Student Loans Bankruptcy

Under 11 U.S.C. § 523(a)(8) “A discharge under section 727, 1141, 1228 (a), 1228 (b), or 1328 (b) of this title does not discharge an individual debtor from any debt…unless excepting such debt from discharge under this paragraph would impose an undue hardship on the debtor and the debtor’s dependents, for—
(A)(i) an educational benefit overpayment or loan made, insured, or guaranteed by a governmental unit, or made under any program funded in whole or in part by a governmental unit or nonprofit institution; or
(ii) an obligation to repay funds received as an educational benefit, scholarship, or stipend; or
(B) any other educational loan that is a qualified education loan, as defined in section 221(d)(1) of the Internal Revenue Code of 1986, incurred by a debtor who is an individual;” (emphasis added)

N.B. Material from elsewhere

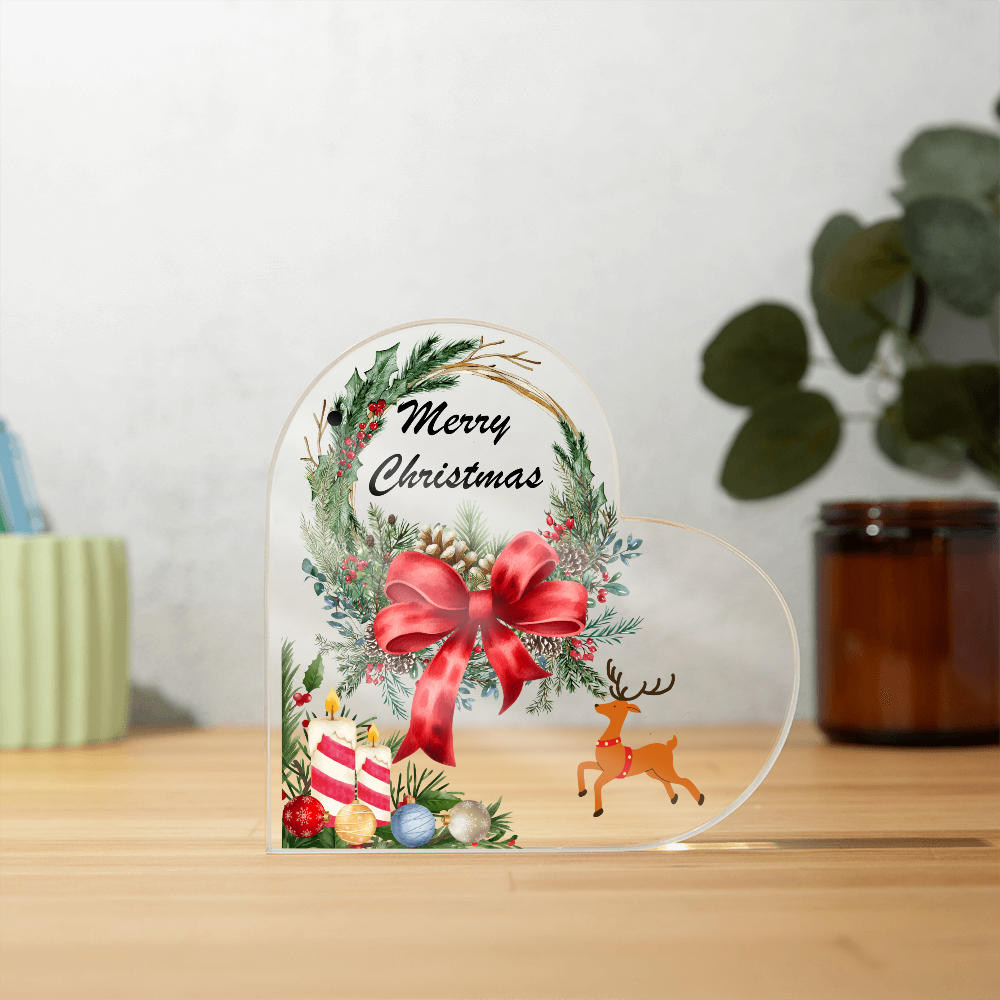 Heart-Shaped Acrylic Christmas Plaque – Elegant Seasonal Home Décor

The 10th Circuit Court adopted a three prong test known as the “Brunner” test when deciding whether to discharge a student loan obligation. (Brunner v. New York State Higher Education Services Corp., 831 F.2d 395 (2d Cir. 1987)). That test is as follows:

(1) that the debtor cannot maintain, based on current income and expenses, a “minimal” standard of living for herself and her dependents if forced to repay the loans;

(2) that additional circumstances exist indicating that this state of affairs is likely to persist for a significant portion of the repayment period of the student loans; and

(3) that the debtor has made good faith efforts to repay the loans.

Essentially then, if a person who has been trying to pay back the loans can show that they cannot maintain even a humble lifestyle and that circumstances are not likely to change, such a person could have student loan debts eliminated in bankruptcy.